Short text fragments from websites
################

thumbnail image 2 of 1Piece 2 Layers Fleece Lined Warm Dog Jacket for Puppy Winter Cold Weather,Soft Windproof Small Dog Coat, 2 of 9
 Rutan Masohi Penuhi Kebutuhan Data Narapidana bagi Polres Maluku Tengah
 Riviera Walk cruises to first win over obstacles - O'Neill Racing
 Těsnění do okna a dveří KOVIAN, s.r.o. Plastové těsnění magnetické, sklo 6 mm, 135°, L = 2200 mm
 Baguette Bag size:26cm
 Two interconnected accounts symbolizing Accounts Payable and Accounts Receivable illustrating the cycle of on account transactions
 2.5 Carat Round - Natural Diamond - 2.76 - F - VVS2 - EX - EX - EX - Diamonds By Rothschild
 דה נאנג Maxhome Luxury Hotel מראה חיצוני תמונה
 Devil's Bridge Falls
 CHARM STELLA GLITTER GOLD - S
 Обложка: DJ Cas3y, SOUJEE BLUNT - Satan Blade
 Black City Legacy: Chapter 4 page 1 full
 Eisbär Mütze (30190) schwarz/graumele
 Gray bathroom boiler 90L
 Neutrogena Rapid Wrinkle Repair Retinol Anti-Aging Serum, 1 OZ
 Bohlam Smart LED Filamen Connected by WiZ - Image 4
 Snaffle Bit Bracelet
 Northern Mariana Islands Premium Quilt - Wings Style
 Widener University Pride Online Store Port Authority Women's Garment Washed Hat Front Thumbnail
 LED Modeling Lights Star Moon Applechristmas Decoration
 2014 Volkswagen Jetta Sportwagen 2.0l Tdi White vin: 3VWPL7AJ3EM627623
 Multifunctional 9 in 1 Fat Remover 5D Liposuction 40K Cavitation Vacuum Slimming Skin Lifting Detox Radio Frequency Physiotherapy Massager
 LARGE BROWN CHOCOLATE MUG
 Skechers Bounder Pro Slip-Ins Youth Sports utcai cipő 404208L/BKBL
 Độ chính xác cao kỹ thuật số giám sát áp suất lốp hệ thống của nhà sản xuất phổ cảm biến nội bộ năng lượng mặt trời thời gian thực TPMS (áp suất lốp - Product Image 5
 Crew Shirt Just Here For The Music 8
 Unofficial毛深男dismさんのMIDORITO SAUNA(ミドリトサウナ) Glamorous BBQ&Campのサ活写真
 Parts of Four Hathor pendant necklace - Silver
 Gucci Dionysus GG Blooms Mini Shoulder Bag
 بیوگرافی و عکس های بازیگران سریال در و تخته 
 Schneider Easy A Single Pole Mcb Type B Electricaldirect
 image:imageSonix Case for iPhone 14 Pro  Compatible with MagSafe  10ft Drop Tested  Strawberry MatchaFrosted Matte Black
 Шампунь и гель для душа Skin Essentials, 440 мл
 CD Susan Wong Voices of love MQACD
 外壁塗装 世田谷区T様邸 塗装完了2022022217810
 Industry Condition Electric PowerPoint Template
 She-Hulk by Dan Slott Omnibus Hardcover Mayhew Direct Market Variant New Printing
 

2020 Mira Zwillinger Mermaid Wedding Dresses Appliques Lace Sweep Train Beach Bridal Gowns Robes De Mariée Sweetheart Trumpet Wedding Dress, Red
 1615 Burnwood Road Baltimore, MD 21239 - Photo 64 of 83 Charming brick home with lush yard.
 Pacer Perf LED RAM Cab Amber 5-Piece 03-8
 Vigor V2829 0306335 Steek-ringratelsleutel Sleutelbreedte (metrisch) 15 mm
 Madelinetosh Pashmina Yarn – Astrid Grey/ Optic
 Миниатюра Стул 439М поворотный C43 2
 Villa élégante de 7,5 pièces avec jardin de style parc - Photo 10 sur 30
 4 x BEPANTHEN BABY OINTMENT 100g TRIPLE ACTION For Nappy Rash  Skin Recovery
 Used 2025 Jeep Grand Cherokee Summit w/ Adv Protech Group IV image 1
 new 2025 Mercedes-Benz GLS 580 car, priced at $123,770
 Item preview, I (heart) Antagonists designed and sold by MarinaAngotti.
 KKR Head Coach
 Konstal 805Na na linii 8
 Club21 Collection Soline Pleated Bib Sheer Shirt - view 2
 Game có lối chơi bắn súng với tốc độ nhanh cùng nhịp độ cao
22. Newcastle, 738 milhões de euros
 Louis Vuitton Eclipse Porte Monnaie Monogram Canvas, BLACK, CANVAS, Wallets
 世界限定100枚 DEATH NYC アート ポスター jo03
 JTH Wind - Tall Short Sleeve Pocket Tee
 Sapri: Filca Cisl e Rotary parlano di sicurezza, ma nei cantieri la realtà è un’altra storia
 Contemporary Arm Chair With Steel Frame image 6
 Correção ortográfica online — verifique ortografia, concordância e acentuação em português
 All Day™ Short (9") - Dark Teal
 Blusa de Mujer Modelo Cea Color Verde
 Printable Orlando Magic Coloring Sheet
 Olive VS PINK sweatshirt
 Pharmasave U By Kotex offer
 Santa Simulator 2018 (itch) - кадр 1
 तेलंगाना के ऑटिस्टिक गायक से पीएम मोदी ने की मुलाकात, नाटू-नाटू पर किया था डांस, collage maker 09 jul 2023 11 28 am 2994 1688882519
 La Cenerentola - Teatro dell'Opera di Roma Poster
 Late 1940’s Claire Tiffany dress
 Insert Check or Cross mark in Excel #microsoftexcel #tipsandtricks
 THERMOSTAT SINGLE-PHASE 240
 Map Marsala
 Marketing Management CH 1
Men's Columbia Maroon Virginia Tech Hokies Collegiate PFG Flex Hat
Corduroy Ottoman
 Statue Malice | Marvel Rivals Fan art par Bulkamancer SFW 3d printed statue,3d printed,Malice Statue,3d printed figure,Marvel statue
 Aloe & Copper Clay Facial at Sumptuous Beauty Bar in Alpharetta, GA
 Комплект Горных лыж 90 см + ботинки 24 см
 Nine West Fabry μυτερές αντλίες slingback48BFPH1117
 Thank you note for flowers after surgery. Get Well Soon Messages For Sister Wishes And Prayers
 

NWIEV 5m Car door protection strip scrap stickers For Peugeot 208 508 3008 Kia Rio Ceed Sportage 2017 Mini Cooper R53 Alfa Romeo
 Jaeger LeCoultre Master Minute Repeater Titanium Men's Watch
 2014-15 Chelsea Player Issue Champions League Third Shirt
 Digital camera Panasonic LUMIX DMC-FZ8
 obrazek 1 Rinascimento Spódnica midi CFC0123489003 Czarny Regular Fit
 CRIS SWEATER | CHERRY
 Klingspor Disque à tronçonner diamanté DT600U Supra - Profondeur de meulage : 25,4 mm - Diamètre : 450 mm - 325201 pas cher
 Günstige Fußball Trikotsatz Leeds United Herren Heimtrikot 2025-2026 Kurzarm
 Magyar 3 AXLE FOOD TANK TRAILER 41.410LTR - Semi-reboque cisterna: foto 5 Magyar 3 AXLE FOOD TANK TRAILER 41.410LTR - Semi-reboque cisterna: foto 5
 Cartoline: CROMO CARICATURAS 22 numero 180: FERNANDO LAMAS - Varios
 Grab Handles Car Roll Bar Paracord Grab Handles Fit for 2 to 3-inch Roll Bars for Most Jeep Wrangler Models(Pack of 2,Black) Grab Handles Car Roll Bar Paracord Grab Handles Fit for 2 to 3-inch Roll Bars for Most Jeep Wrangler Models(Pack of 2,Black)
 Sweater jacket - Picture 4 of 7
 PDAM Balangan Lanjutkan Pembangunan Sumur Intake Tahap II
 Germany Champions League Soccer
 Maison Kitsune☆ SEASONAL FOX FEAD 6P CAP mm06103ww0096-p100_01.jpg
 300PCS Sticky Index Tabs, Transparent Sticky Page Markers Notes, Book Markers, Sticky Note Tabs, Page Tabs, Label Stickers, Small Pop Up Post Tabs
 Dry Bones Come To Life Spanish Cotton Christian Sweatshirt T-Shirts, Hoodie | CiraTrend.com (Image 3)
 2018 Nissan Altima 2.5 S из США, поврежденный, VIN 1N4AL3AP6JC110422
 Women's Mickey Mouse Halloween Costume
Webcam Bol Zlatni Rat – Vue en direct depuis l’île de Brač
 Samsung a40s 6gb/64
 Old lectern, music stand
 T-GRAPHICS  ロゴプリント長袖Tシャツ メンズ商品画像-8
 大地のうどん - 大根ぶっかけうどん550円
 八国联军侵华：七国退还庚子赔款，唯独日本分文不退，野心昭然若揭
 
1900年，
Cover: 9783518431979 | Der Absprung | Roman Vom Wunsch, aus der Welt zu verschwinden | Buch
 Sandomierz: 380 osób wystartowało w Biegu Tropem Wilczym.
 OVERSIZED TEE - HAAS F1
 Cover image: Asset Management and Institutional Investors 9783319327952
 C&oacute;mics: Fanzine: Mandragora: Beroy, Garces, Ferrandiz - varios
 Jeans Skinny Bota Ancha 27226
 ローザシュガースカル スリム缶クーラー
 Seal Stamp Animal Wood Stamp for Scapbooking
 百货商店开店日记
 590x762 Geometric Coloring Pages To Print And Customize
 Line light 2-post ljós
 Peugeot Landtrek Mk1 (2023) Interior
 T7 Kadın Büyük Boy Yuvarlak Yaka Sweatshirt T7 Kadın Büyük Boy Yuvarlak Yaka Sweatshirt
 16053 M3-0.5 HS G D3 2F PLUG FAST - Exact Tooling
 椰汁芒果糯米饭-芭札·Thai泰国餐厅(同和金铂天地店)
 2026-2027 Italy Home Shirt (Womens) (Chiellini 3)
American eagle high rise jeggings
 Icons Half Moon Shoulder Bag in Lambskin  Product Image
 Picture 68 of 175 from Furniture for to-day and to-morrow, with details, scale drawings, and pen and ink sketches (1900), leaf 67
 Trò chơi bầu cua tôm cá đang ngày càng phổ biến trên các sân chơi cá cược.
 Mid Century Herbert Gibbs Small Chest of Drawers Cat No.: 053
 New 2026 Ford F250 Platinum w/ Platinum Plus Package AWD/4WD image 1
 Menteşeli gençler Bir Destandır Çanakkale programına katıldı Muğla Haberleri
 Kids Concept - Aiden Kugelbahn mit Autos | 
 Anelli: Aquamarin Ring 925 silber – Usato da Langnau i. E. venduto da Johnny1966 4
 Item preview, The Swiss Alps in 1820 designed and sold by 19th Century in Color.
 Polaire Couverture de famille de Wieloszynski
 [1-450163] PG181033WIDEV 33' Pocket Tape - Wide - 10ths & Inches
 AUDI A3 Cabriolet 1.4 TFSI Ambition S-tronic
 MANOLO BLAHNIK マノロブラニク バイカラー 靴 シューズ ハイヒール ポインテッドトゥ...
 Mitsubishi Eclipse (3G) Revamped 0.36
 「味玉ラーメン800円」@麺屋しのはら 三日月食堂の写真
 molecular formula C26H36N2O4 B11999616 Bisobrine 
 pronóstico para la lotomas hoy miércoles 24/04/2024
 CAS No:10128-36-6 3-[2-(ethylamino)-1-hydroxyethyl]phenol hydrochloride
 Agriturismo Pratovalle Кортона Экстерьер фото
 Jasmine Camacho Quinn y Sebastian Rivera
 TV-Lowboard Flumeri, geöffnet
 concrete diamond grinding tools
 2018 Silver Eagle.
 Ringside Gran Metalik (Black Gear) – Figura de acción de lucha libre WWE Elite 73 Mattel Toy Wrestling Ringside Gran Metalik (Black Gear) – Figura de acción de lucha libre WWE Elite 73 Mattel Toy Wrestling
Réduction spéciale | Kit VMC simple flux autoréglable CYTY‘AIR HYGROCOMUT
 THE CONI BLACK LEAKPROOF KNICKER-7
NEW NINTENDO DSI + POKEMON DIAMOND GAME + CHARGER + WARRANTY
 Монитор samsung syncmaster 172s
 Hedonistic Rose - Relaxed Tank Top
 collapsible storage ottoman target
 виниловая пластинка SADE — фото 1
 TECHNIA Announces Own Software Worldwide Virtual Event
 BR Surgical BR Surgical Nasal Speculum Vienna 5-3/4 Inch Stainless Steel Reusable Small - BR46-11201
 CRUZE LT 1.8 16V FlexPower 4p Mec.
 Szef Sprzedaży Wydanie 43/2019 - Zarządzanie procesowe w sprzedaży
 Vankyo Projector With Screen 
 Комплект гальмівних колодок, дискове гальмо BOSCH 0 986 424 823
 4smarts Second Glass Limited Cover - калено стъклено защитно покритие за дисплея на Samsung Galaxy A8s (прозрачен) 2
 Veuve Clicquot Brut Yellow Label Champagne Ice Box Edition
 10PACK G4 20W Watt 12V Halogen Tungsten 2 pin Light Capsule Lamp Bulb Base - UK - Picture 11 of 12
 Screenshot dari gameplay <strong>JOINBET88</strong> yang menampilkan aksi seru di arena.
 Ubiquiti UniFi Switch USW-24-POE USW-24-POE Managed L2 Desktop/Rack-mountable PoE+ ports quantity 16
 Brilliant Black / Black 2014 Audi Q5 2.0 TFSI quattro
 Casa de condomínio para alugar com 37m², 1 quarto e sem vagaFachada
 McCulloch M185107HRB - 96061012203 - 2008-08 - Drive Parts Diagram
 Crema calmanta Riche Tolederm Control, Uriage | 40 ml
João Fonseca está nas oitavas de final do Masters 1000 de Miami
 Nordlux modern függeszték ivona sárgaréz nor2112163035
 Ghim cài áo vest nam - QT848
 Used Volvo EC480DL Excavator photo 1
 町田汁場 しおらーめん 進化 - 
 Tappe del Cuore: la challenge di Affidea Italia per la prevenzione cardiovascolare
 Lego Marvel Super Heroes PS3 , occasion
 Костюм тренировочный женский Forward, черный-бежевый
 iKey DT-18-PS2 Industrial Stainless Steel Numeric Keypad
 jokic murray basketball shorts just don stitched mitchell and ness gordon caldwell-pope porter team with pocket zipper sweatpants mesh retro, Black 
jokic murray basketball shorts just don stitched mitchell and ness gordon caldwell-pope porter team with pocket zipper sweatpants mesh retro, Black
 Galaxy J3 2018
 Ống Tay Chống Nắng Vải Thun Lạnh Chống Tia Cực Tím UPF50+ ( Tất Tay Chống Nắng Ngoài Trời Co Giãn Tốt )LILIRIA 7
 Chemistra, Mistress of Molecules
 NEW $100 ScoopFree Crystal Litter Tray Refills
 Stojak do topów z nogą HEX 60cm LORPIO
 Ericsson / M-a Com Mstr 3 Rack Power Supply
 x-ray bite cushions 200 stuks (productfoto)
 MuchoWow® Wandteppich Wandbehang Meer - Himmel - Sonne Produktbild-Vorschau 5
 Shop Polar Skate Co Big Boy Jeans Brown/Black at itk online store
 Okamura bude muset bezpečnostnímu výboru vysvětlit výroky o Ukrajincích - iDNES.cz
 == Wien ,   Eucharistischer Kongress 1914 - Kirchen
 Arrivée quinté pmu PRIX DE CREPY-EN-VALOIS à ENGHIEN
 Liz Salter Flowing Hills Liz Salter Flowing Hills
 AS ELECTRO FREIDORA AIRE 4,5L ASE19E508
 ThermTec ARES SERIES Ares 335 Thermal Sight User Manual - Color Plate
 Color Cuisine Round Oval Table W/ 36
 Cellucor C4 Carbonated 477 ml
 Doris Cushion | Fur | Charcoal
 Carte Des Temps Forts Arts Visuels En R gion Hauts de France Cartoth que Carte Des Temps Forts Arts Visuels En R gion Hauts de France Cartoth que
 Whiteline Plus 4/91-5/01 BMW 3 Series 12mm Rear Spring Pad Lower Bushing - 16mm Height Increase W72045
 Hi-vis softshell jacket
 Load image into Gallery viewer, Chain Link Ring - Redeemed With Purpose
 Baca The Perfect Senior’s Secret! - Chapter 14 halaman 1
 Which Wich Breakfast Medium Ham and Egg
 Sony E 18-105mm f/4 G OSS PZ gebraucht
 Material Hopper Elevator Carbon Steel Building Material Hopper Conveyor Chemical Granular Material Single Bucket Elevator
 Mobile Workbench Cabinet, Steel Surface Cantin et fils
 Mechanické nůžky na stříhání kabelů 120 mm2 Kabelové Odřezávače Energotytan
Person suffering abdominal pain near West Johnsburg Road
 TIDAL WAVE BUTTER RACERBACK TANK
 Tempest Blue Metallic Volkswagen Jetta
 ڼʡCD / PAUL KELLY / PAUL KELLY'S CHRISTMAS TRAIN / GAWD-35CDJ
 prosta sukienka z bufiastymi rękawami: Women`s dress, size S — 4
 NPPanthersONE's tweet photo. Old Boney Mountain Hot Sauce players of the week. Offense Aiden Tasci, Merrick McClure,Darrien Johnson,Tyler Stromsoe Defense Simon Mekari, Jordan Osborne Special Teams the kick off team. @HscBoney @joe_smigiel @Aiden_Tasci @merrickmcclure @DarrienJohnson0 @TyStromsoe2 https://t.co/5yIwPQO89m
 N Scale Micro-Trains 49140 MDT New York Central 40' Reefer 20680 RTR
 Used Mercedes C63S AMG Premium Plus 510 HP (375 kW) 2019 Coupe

################

» How to complete this task: Repeat the entries above exactly, beginning at their first line and ending with the line that contains "Skechers Bounder Pro", with nothing added.

» Task result:
thumbnail image 2 of 1Piece 2 Layers Fleece Lined Warm Dog Jacket for Puppy Winter Cold Weather,Soft Windproof Small Dog Coat, 2 of 9
 Rutan Masohi Penuhi Kebutuhan Data Narapidana bagi Polres Maluku Tengah
 Riviera Walk cruises to first win over obstacles - O'Neill Racing
 Těsnění do okna a dveří KOVIAN, s.r.o. Plastové těsnění magnetické, sklo 6 mm, 135°, L = 2200 mm
 Baguette Bag size:26cm
 Two interconnected accounts symbolizing Accounts Payable and Accounts Receivable illustrating the cycle of on account transactions
 2.5 Carat Round - Natural Diamond - 2.76 - F - VVS2 - EX - EX - EX - Diamonds By Rothschild
 דה נאנג Maxhome Luxury Hotel מראה חיצוני תמונה
 Devil's Bridge Falls
 CHARM STELLA GLITTER GOLD - S
 Обложка: DJ Cas3y, SOUJEE BLUNT - Satan Blade
 Black City Legacy: Chapter 4 page 1 full
 Eisbär Mütze (30190) schwarz/graumele
 Gray bathroom boiler 90L
 Neutrogena Rapid Wrinkle Repair Retinol Anti-Aging Serum, 1 OZ
 Bohlam Smart LED Filamen Connected by WiZ - Image 4
 Snaffle Bit Bracelet
 Northern Mariana Islands Premium Quilt - Wings Style
 Widener University Pride Online Store Port Authority Women's Garment Washed Hat Front Thumbnail
 LED Modeling Lights Star Moon Applechristmas Decoration
 2014 Volkswagen Jetta Sportwagen 2.0l Tdi White vin: 3VWPL7AJ3EM627623
 Multifunctional 9 in 1 Fat Remover 5D Liposuction 40K Cavitation Vacuum Slimming Skin Lifting Detox Radio Frequency Physiotherapy Massager
 LARGE BROWN CHOCOLATE MUG
 Skechers Bounder Pro Slip-Ins Youth Sports utcai cipő 404208L/BKBL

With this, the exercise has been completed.